De Juan Pablo II a Benedicto XVI

CLAVES Nº 136 Abril de 2005

Conocer para entender

Karol Wojtyla (1920-2005) y Joseph Ratzinger (1927) nacieron en hogares modestos mientras Europa se reacomodaba, luego de la 1ª gran Guerra. Los alemanes padecieron entonces, sin contemplación, un duro ajuste de cuentas; a la endeble República de Weimar le siguió la horrenda aventura hitleriana con los resultados conocidos... y otro ajuste de cuentas. En 1919, la restauración polaca pareció alcanzarse con el reconocimiento de su independencia y salida al mar, según refería el punto 13 de la Propuesta de W. Wilson. Sin embargo, Polonia resultó a la postre dos veces víctima: primero de la blitzkrieg de 1939 cuando Alemania invadió su territorio; después al sellarse su destino -sin su aquiescencia- en Yalta, al definir los 3 Grandes su status de posguerra bajo la esfera de influencia soviética. Wojtyla y Ratzinger, que pelearon la 2ª Guerra en bandos opuestos, han sido producto de las circunstancias de una época que los condicionó dolorosamente y por eso contribuyeron, en distinta proporción e intensidad, a las transformaciones posteriores.

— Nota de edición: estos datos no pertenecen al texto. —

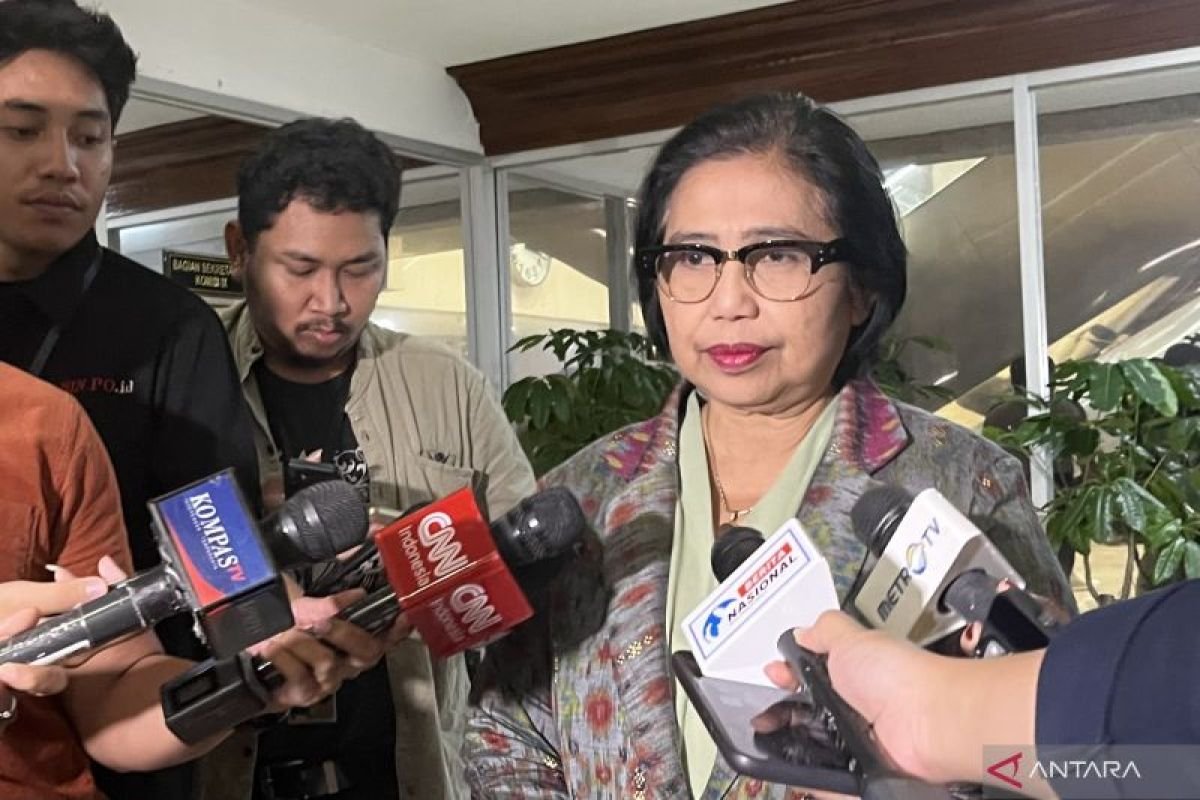Komisi IX DPR RI Irma Suryani Chaniago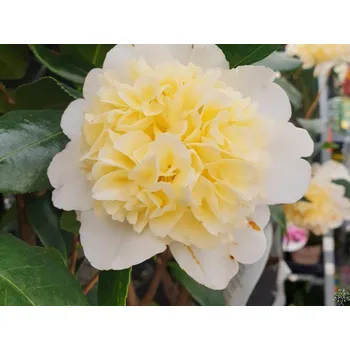 Sazenice Kamélie japonská 'Brushfield's Yellow' Balení: kontejner p9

Ahora, en un mundo en el que la tendencia sigue siendo explorar y alimentar la libertad hasta los últimos extremos, han perdido audiencia las voces que sostienen que no debe eludirse la diferenciación entre el bien y el mal, entre lo que se puede y no se puede hacer. A Juan Pablo II le tocó pontificar en esa posmodernidad e, iniciado el tercer milenio, Benedicto XVI tiene adelante suyo el mismo panorama de desolación espiritual, en cuya descripción ambos coincidieron, y que seguramente el nuevo pontífice transitará con la misma brújula.

Pero la posibilidad de distinguir –en definitiva, de opinar- no significa verlo todo en términos de blanco o negro. Así, quienes piensan que en la Iglesia del fallecido Juan Pablo II o en la que viene no hubo ni habrá debate, se equivoca de medio a medio. El debate existe e intenso en los Dicasterios, en las Conferencias Episcopales, en presbiterios, parroquias, organizaciones laicales y simples hogares, sobre todos los temas que atañen al ser humano, a la vida, la religión, a la Iglesia, a Dios.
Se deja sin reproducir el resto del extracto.